Civil liberties experts argued that the measure could also have deleterious consequences for adults. In compelling sites to treat children differently, they warned, popular services for general audiences might set up invasive age-verification systems requiring all users to provide sensitive personal details to companies.

But children’s groups said the legislation was needed to protect young users from automated systems that could expose them to harmful content, put them in contact with adult strangers or prod them into staying online for hours on end.

Earlier this month, regulators in Ireland issued a fine of about $400 million to Meta, the social media giant formerly known as Facebook, for violating European data protection rules in its treatment of children’s data on Instagram. Meta has said it disagreed with the Irish regulators’ charges and planned to appeal the decision.

The California legislation will require online services likely to be used by children to protect their privacy and safety by design and default. It also specifically prohibits online services from profiling children, nudging children to provide personal information or tracking their precise locations.

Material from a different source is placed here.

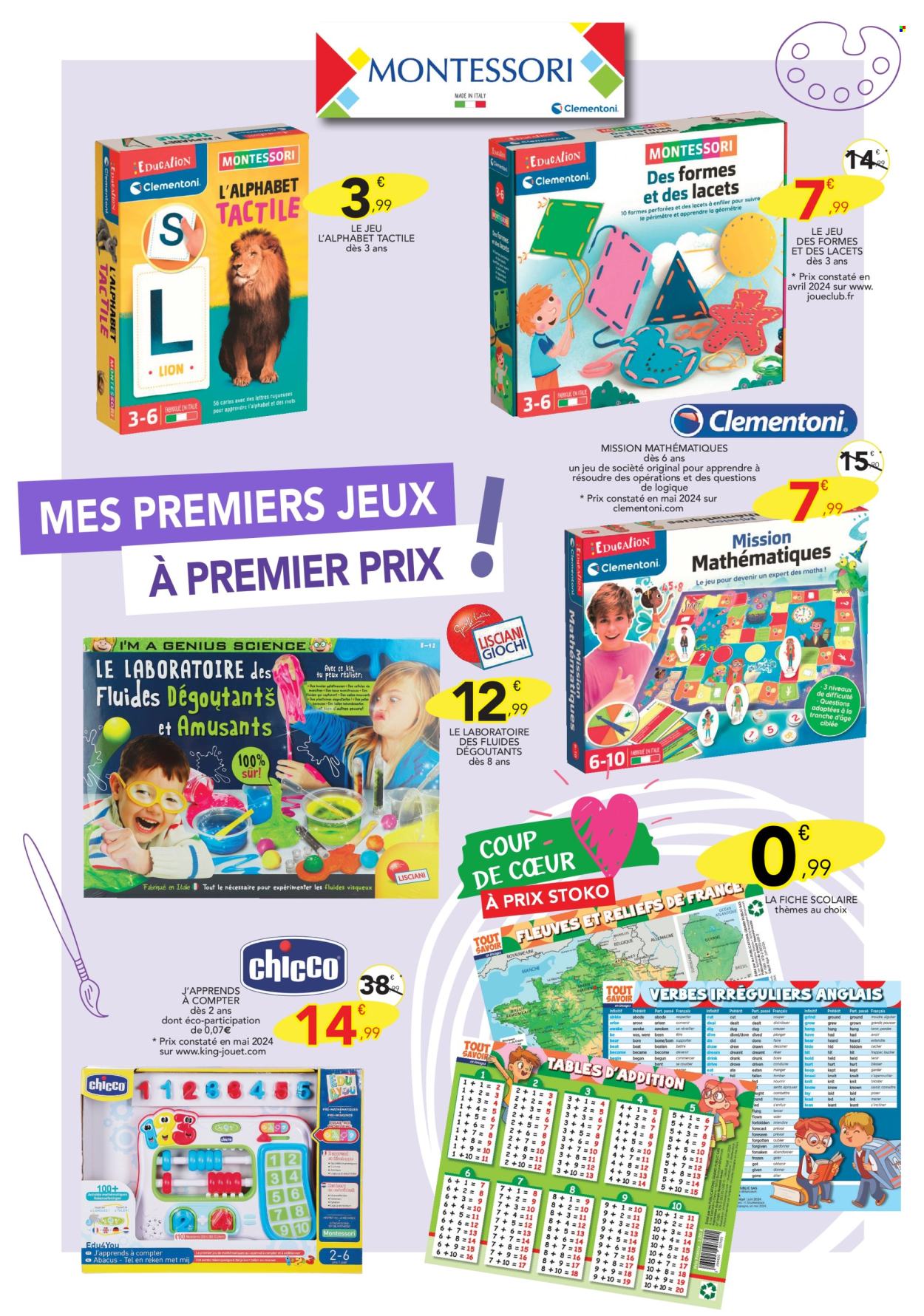 Catalogue Stokomani - 19/06/2024 - 07/07/2024. Page 5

“Our kids deserve to be safe,” said Buffy Wicks, a Democrat in the State Assembly who co-sponsored the children’s online safety bill with a Republican colleague, Jordan Cunningham. “Our kids deserve to be assured that strangers can’t direct message them on their social media accounts,” she added, and that social networking apps cannot send phone notifications at all hours of the night, disrupting children’s sleep.

The California law, which is to take effect in 2024, comes one year after Britain instituted comprehensive online protections for minors. Last year, as British regulators were developing that effort, Google, YouTube, Instagram, TikTok, Snap and other major platforms announced new safeguards for younger users worldwide.

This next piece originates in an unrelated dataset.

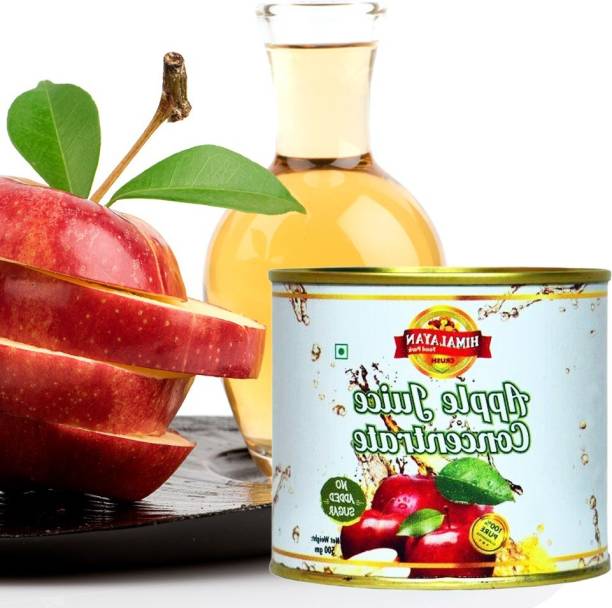 himalayan food park crush APPLE JUICE 100% PURE AND HEALTHY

Congress is also working to boost online safety for youngsters.

In July, the Senate Committee on Commerce, Science & Transportation advanced a privacy bill that would prohibit online services from targeting teens and children with ads or collecting their personal data without permission. Separately, the Commerce Committee advanced a bill that would require online services to protect minors by, among other things, not recommending they view potentially harmful content on suicide or eating disorders.